By David Mazzucchelli
I recently joined City Library in London and it has been a treasure trove of new books that I wouldn’t normally get my hands on, and this has been one of them. This huge hardcover (344 pages – it was a heavy book to bring back home from the centre of town) from 2009 is the first in what will be quite a selection of the impressive catalogue.
This multi-award-winning book from Mazzucchelli (there’s a lovely quote on the back: ‘David Mazzucchelli has been making comics his whole life. This is his first graphic novel’) is a very impressive debut from a creator I know only from Daredevil: Reborn and Batman: Year One. It is also what I think of when I hear the phrase ‘graphic novel’ – not just a term adopted by booksellers and the comic book industry to legitimise the medium, but a literary novel with a non-genre story about the human condition that happens to be represented in pictorial form. Everything about this book is an exact marriage of words and pictures to convey the story.
Asterios Polyp is introduced to us at the age of 50 as his home burns down. He is a tenured professor of architecture, esteemed but whose designs have never been built. He was born an identical twin; his brother, Ignazio, died at birth and is the narrator of the story. Asterios is confident, superior, a philanderer and someone who doesn’t listen to anyone but himself. Having lost his home, he decides to take a train to nowhere and ends up working as a mechanic, even though he knows nothing about cars, in a small town called Apogee (‘the highest point in the development of something’, as the dictionary defines it). The story then flashes back to how he met his wife Hana, a sculpture teacher, and their life together and how Asterios ruined the marriage, with the modern story and the past intertwining, plus asides that take in Plato’s Symposium and architect theory.

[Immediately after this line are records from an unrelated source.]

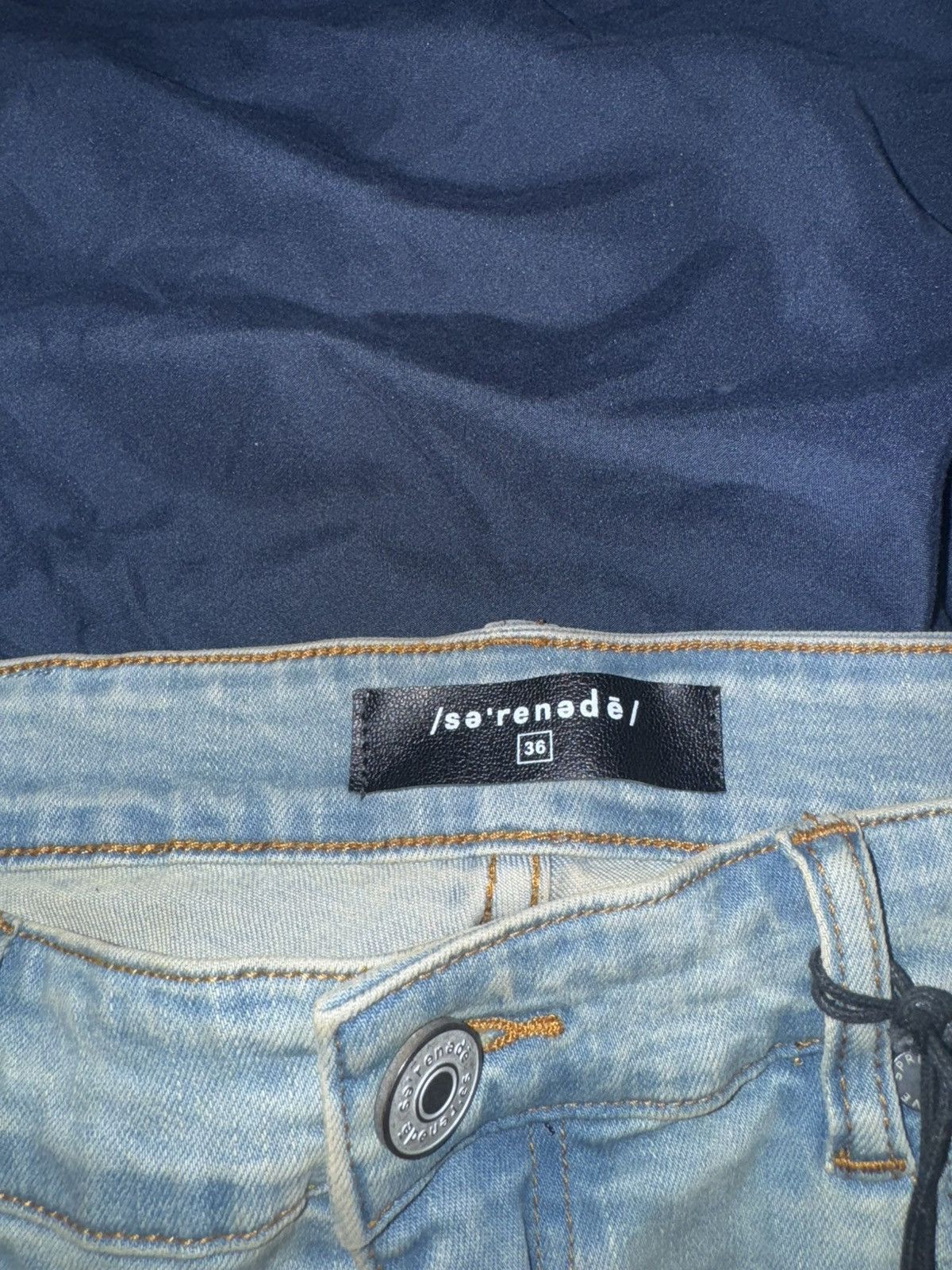 SERENEDE SERENEDE cloud cargo jeans Size US 36 / EU 52 - 3 Thumbnail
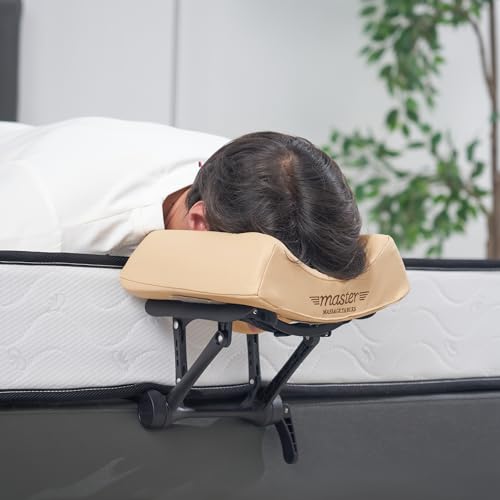 Master Massage Ergonomic Dream Lx Face Cradle for Massage Table-universal Size, Black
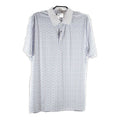 Jack Nicklaus Geometric Print Golfpolo Herren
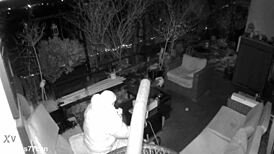 Markus got caught jerking off and cumming loudly on spy cam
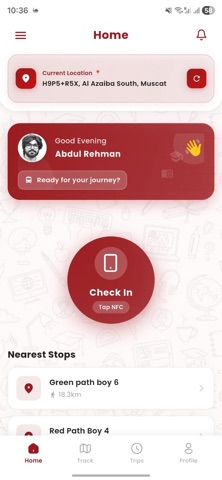Mwasalat Shuttle Screenshot 4 of 9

This feels like a novel in the way that it is small but addresses big things, it is full of characters that are beautifully sketched out (in both senses of the word – Mazzucchelli depicts each character in an individual and distinct style, such as the side profile bust-like look for Asterios, and he expresses their character through dialogue and artistic shape in a masterful way). He experiments with ways of telling his story and his philosophical asides, with big bold images or small details, key panels with no borders or sprawling across the page, changing the form of people from normal to sketchy to geometrical shapes to charcoal-like – it allows him to filter moments so much more expressively than prose can do on its own, giving a new dimension to storytelling that is the essence of sequential art.
The story itself is not the type of thing I’d normally go for but I like to expand my horizons and it had received glowing reviews, and my decision was rewarded with an excellent graphic novel. It has some unusual aspects, such as people having the sort of intellectual conversations that you only read in books or hear in plays (at least in my life, and I went to university), and there are some annoying characters, like Willy Ilium the choreographer who wants to collaborate with Hanna (he’s supposed to be annoying but that doesn’t help), and Asterios is not a particularly likeable person. However, after finishing the story, you feel like you’ve experienced something, which must be exactly what an author is trying to do with his or her work, and Mazzucchelli should be commended for a job well done.